Nesse diapasão de descobertas, a grande praça da cidade – a festiva Djemaa el-Fnaa – é palco de cheiros e burburinhos. Lá ele conversou com comerciantes, encantadores de serpentes, adestradores de macacos, malabaristas, biscateiros, quiromantes e perfumistas. Ficou desconcertado com o mendigo que, ao receber uma moeda, a levava à boca em sinal de agradecimento e a lavava com saliva antes de cuspi-la de volta. O resultado é surpreendente porque brota humor não intencional e, por certo, o leitor também se verá enredado na teia da incomunicabilidade humana – tese de fundo que o escritor abraça e a que dá forma. Lembra a frase da inglesa Jeanette Winterson, em O sexo das cerejas, quando diz: “Todo planejamento de viagem dissimula, em seus limites, outra viagem que palpita escondida”.
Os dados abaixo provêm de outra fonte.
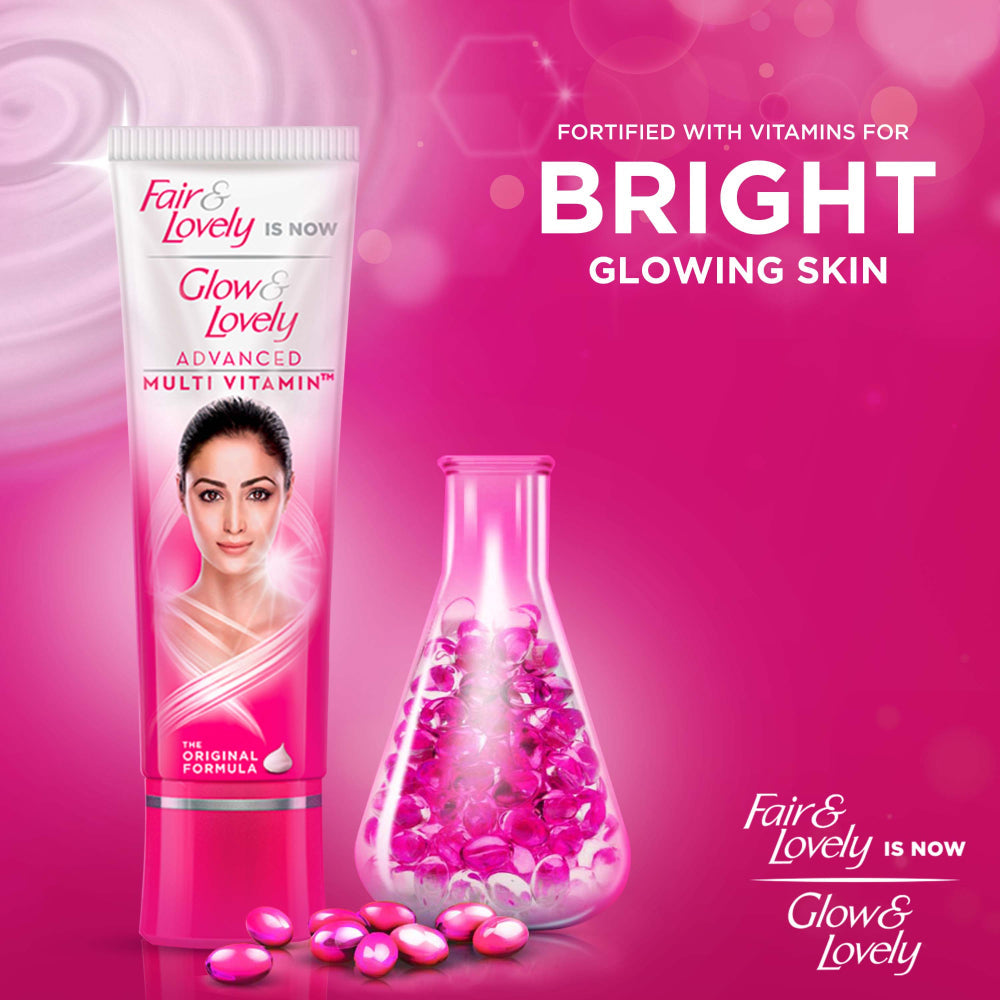 Glow & Lovely Multi Vitamin Cream 50g product image 3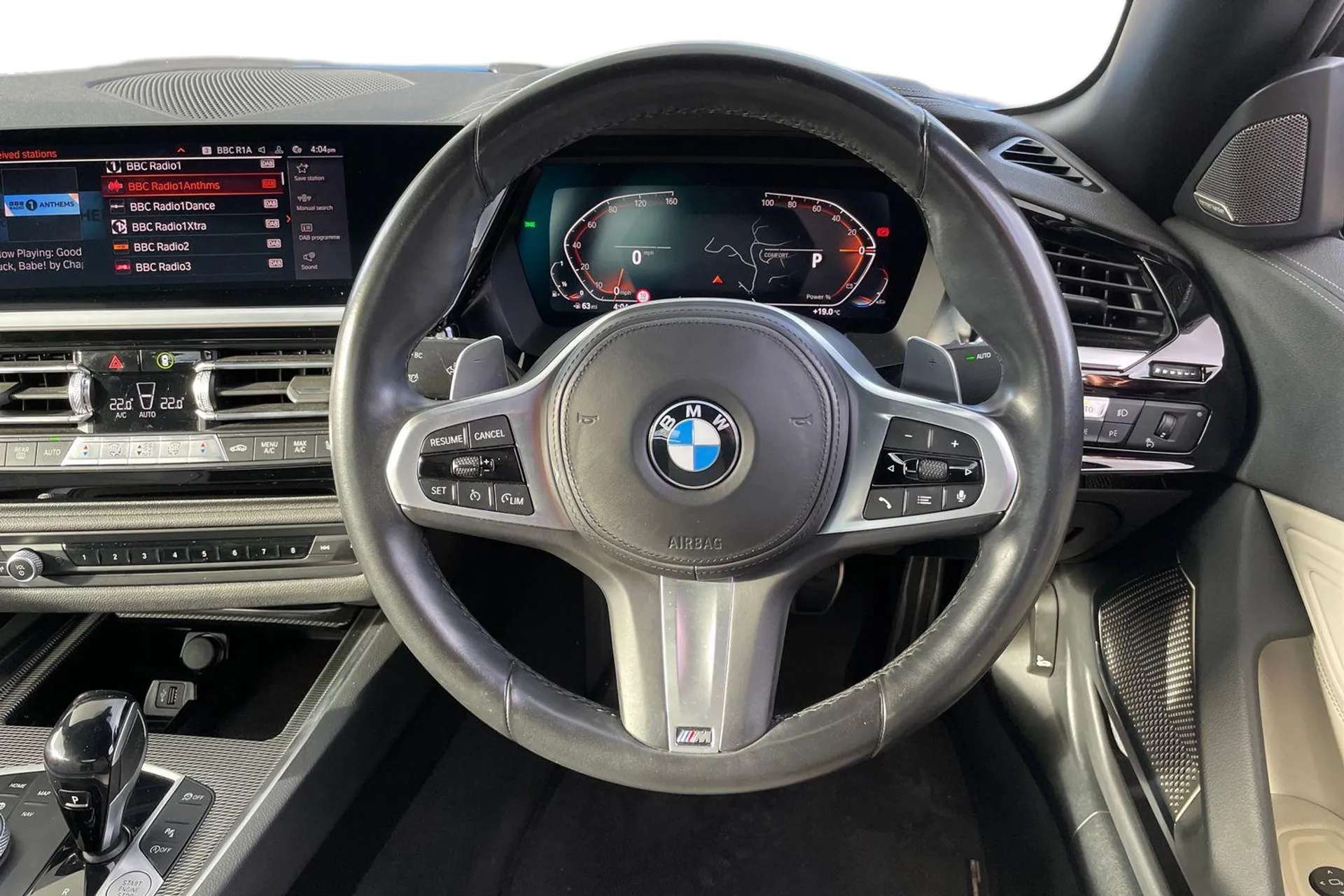 2022 BMW Z4 2022 BMW Z4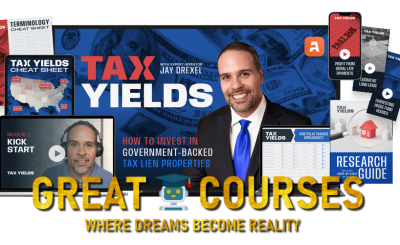 Tax Yields By Jay Drexel - Awesomely - Free Download Course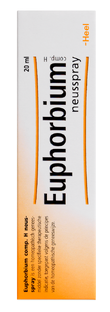 Heel Euphorbium Neusspray 20ML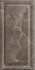 Настенная плитка Palazzo Brown Struktura 30х60 глянцевая керамическая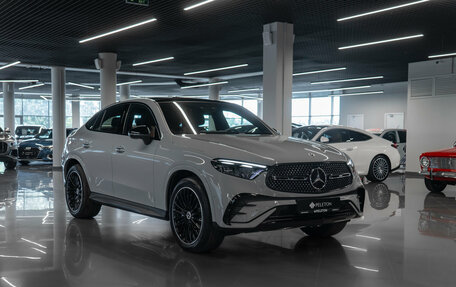 Mercedes-Benz GLC Coupe, 2026 год, 10 150 000 рублей, 2 фотография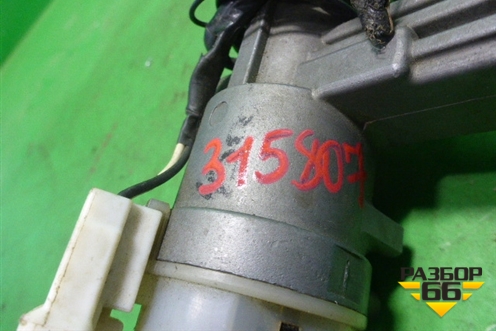 Замок зажигания (один ключ) для Kia Picanto с 2011-2017г (Пиканто 2)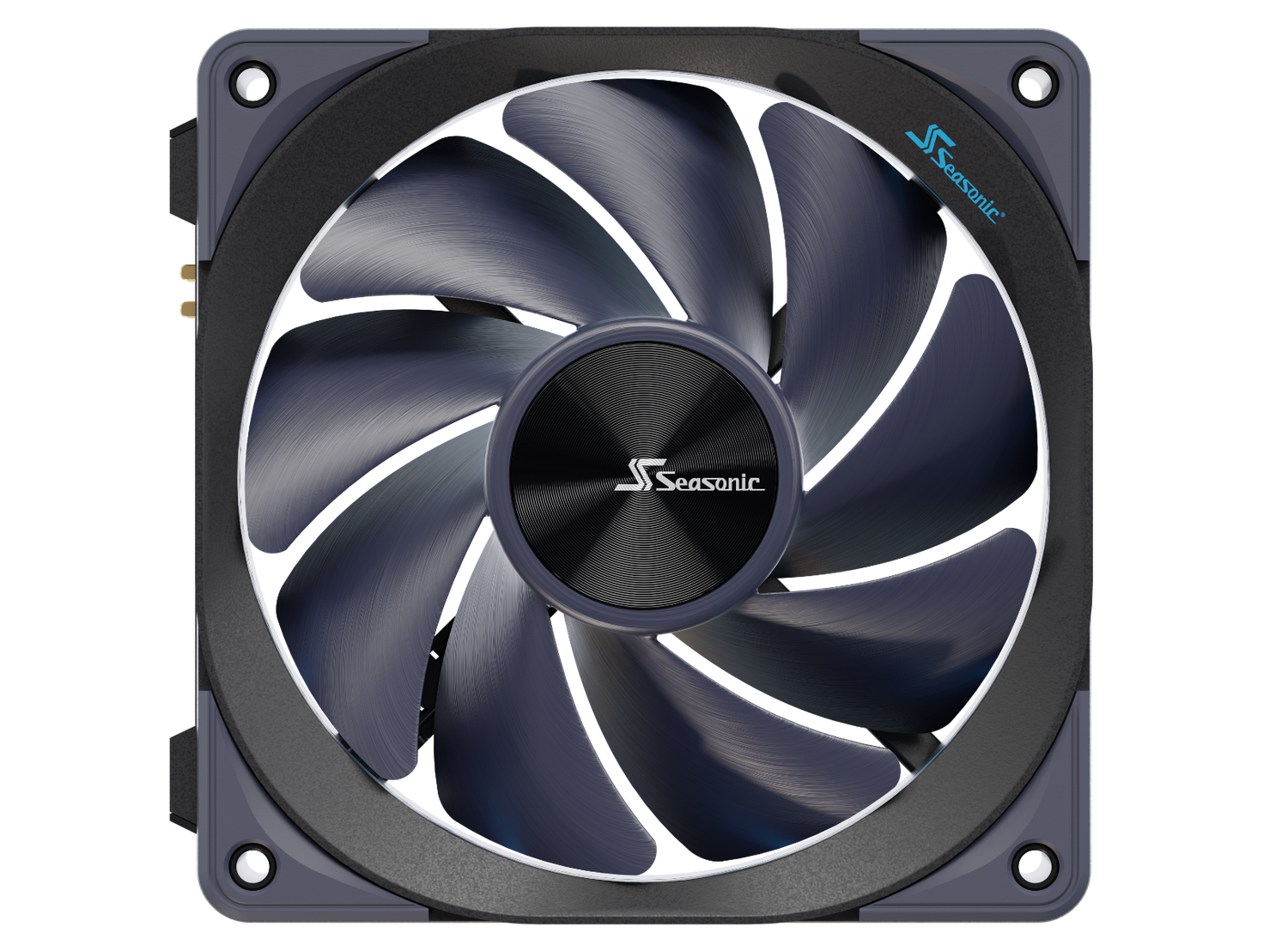 VENTILATOR Seasonic, 120 mm 2000 rpm, "MAGFLOW-1"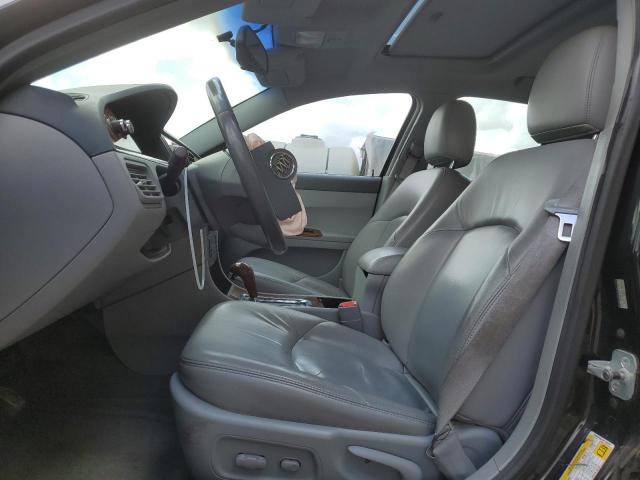 Photo 7 from auction – 2006 BUICK ALLURE CXS with VIN 2G4WH587961280527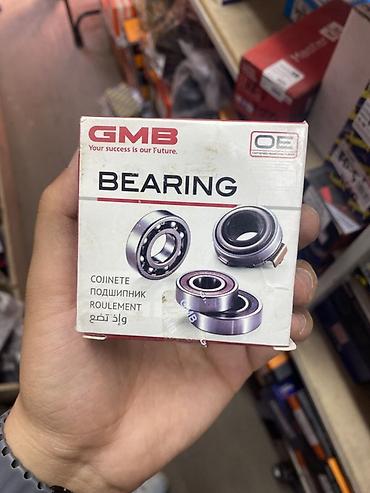 Подшипник GMB BEARING - Производитель: GMB (OE – Original Equipment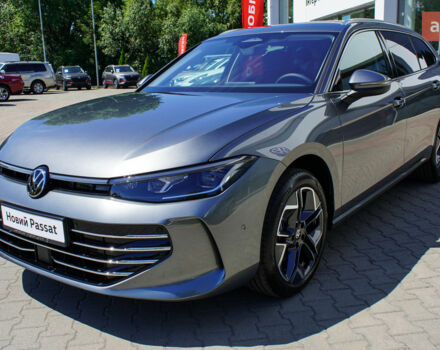 купить новое авто Фольксваген Пассат 2025 года от официального дилера Інтер Авто Центр Фольксваген фото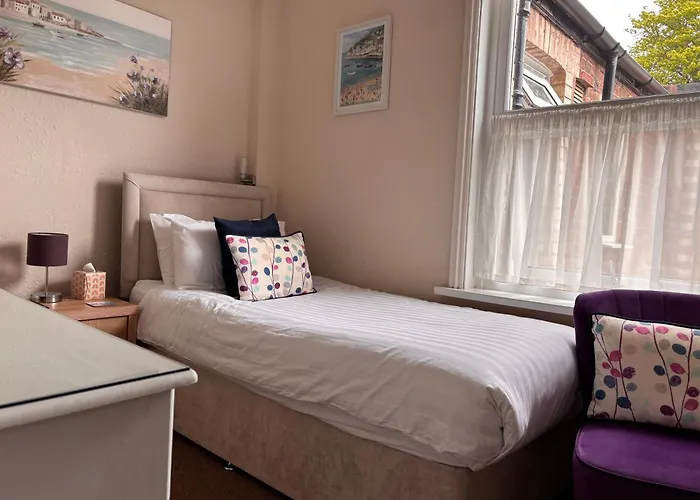 The Wentworth Guest House Paignton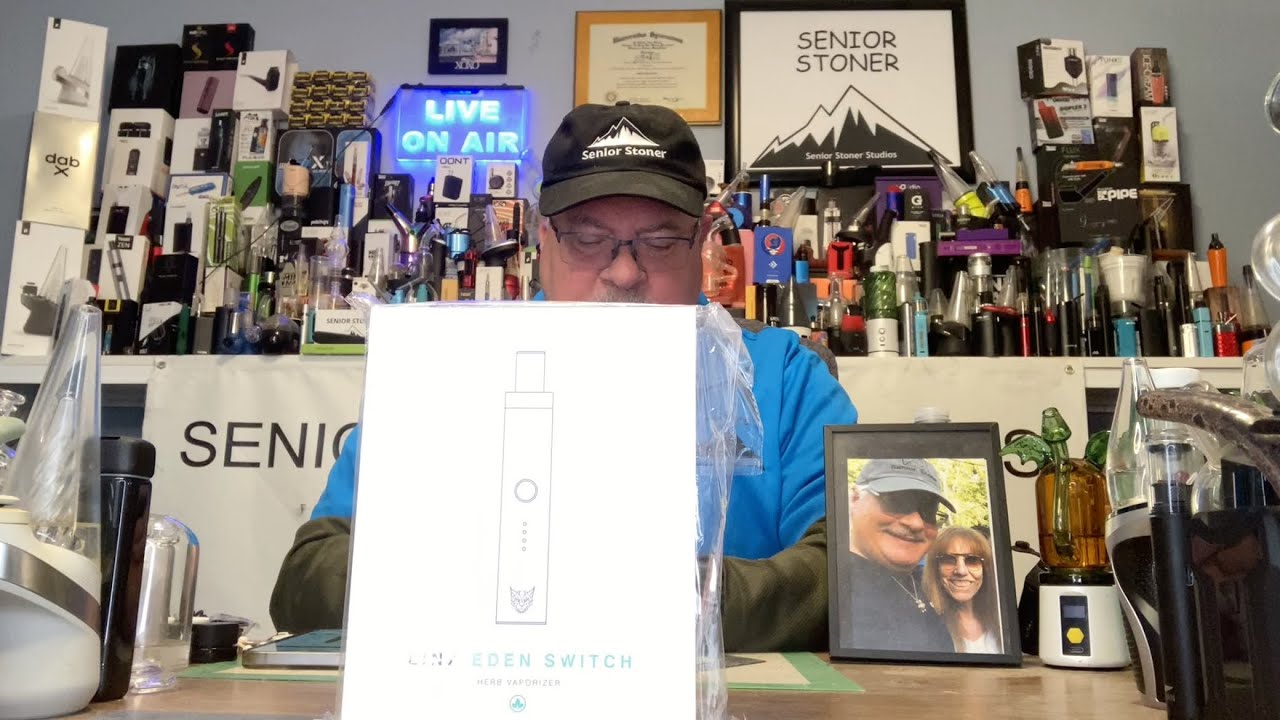 NEW PRODUCT UNBOXING FIRST IMPRESSIONS AND DEMO LINX EDEN SWITCH WELL MADE DEVICE I REALLY LIKE IT!!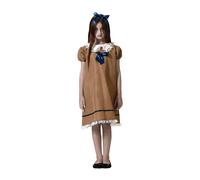 Atosa Costume Doll Classic Dress Halloween Costume Party 7 a 9 Years
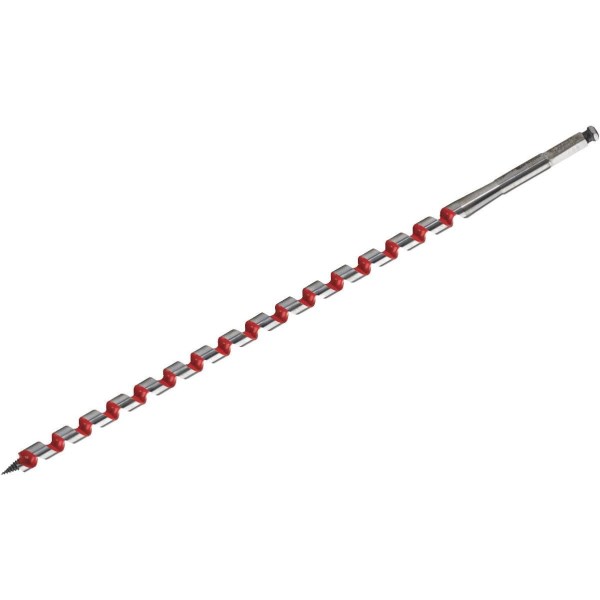 Milwaukee 7/16 In. x 18 In. Ship Auger Bit - Iieemm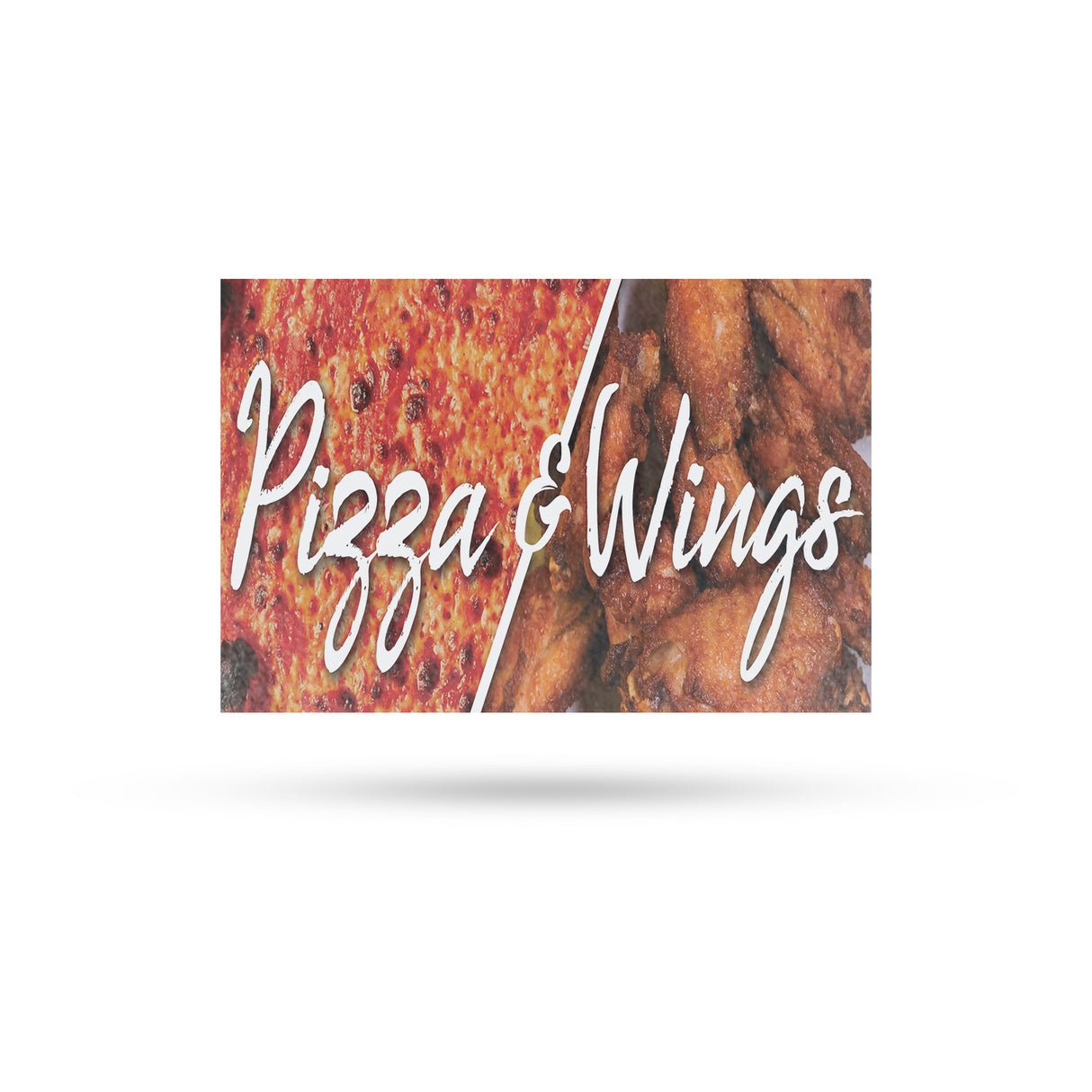 Pizza and Wings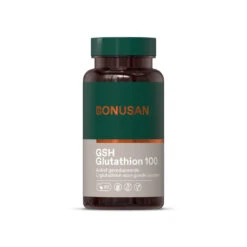Bonusan GSH Glutathion 100 Mg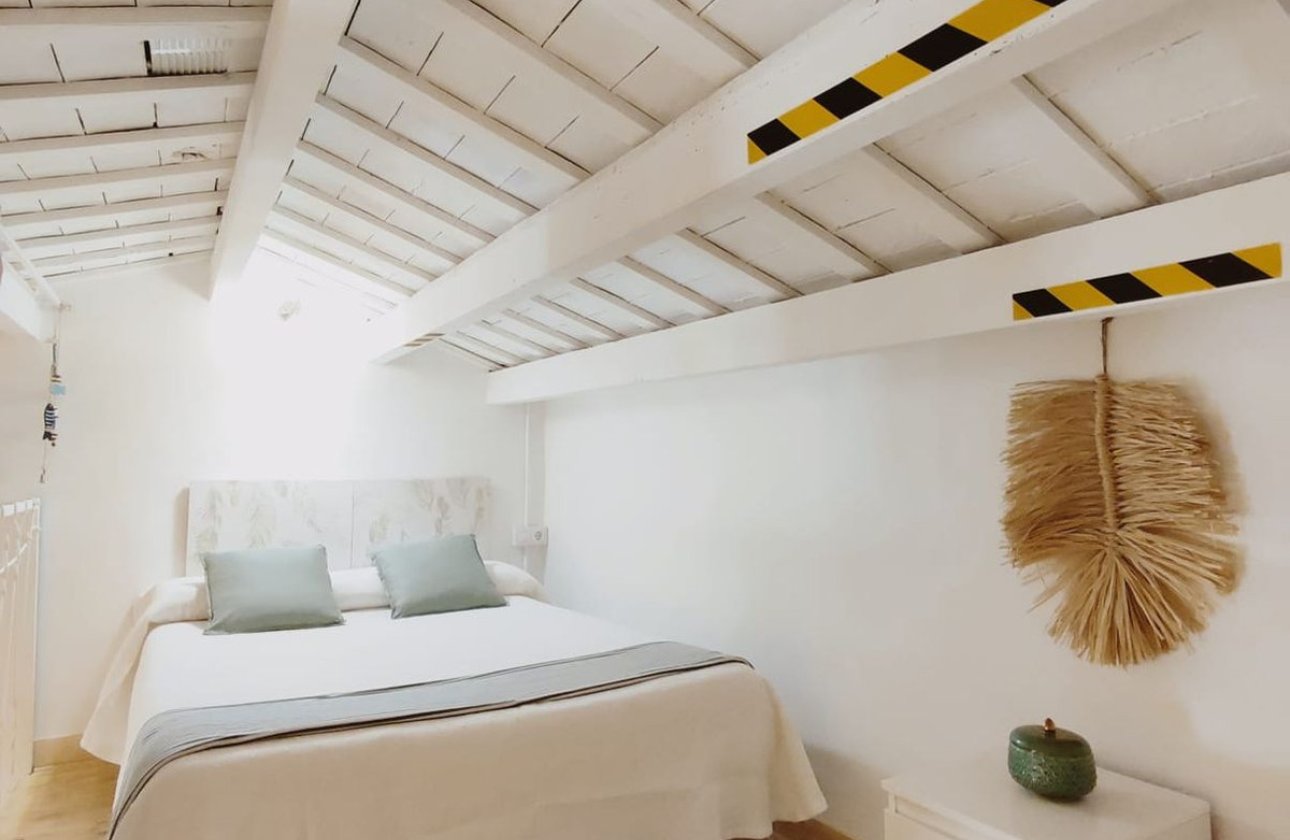 Használt ingatlanok - Commercial property -
Jávea - Xàbia - Jávea - Xàbia Centro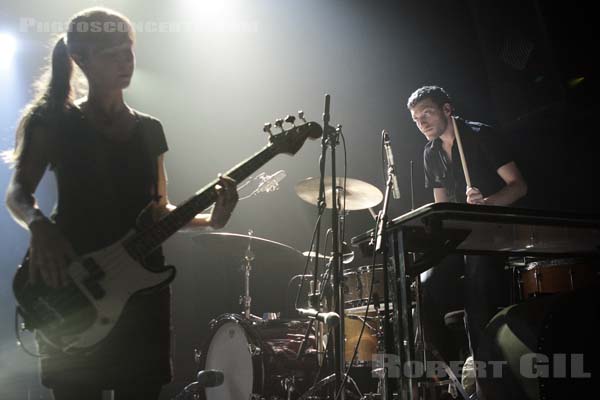 CLAIRE DITERZI - 2008-10-21 - PARIS - Le Bataclan -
Por fim, como não incluir nessa lista um livrinho do pintor pernambucano Zé Cláudio? Trata-se de Dias de Uidá. Retrata o que o artista viu e viveu quando de uma viagem ao Benin, via Nigéria. As pinceladas são coloquiais e o tom irreverente que lhe sublinha a personalidade avessa a pompas resulta num texto magro, sem transbordamentos e quase ríspido. É o artista, enfim. O livro, publicado há exatos vinte anos pela editora Inojosa, ganha momentum nas últimas páginas. Ansioso para voltar e machucado pelos entraves da corrupção pequena, diária e ameaçadora da vida africana – tão romantizada pelos que não veem a crueldade subjacente às relações de poder do imenso Continente -, Zé Cláudio se desespera quando percebe que o ciclo vicioso só acabará na hora que o avião decolar de volta. Antes disso, não haverá remédio e as armadilhas dos imprevistos lhe drenam a paciência e maltratam os nervos. Mesmo o leitor mais sisudo rirá do estado de desespero que o transforma de homem apavorado em brigão indignado. Quando um guarda tenta lhe surrupiar os últimos dólares, ele abana o próprio rosto com quatro dedos indicando que aqueles, não – era o que lhe restava de reserva para comer, entendido? Funcionou. Para dar a conotação de caderno de anotações que, no fundo, foi, há de se destacar os croquis da vida cotidiana africana.

É essa singela trilogia de Grossman, Canetti e Zé Cláudio que, cotejada com algumas das obras cardeais aqui citadas, exala frescor, amor à diversidade e à estrada. Porque viajar é observar, mas também deixar acontecer o amálgama entre visitante e visitado. É perpetuar, além de tudo, encontros que não se repetirão entre os mesmos atores, mas que adensarão o acervo técnico da experiência humana. Não há, portanto, viagens maiores ou menores. Só bons estradeiros.